Eine noch größere Wallanlage zeigte sich westlich vom Nordausgang des Dorfes. Von den Höhen konnte die Straße nach Treseburg mit Artilleriefeuer bestrichen werden.  Noch heute heißt der Platz zwischen der Hubertushöhe und der Zorn-Villa „Schanze“. Angesicht solcher Verschanzungen und Sicherungen wagten die Franzosen nicht, den Harz zu durchqueren.

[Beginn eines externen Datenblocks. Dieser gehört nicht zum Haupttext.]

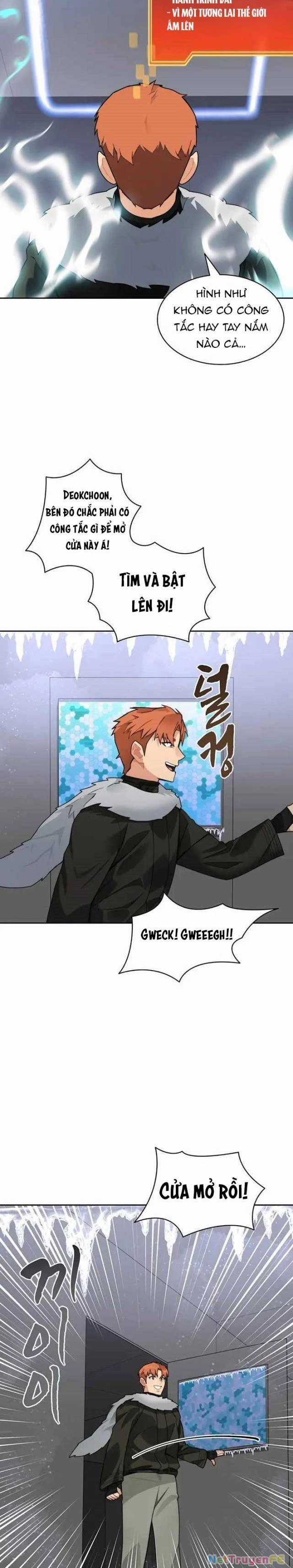 Mắc Kẹt Trong Tòa Tháp Thử Thách Chapter 57 trang 32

 Im Jahre 1775 setzte Amtmann Leberecht Fischer zu Stecklenberg in dem auf Anordnung des Alten Fritz gegründeten Dorfes Friedrichsbrunn Kolonisten an. Jeder erhielt zwei Morgen Wiese gegen 2 Taler Erbpacht. Aus Allrode bewarben sich folgende 7 Siedler um eine Kolonistenstelle: Tagelöhner Heinrich Memeke mit zwei Kindern, Holzhauer Christoph Lerche mit vier Kindern, Holzhauer Heinrich Nabert ohne Kinder, Holzhauer Christian Nabert, Holzhauer Friedrich Wiedemann mit einem Kind und Holzhauer Christoph Braune mit einem Kind .

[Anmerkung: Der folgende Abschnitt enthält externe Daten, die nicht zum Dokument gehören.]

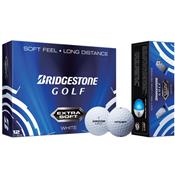 12 Balles de golf Extra Soft - Bridgestone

Um das Jahr 1800 werden folgende herrschaftlichen Forstorte in Allrode genannt: die Kreuzwege, der kleine Allersbusch, Neuenhagen, Breitenhagen, Langenhaufen, Brunshals, Kellerborn und Mittelberg, das Laubthal, die Wolffsthäler, der Wildgarten, Trockenbach, Sticklestieg, große und kleine Rübesteert, große und kleine Klingenberg und Mittelkopf, das Langehorn, der Klotstieg, die große und kleine Siebenmark, die Zelle, der Hannover,  die Schreckenstthäler, der Mittelkopf, Wildstein, große und kleine Bossleich, die Winde und der Doktorberg. Ein Teil der Forstorte gehört heute zu Altenbrak, ein anderer zur Revierförsterei Kreuzwege. 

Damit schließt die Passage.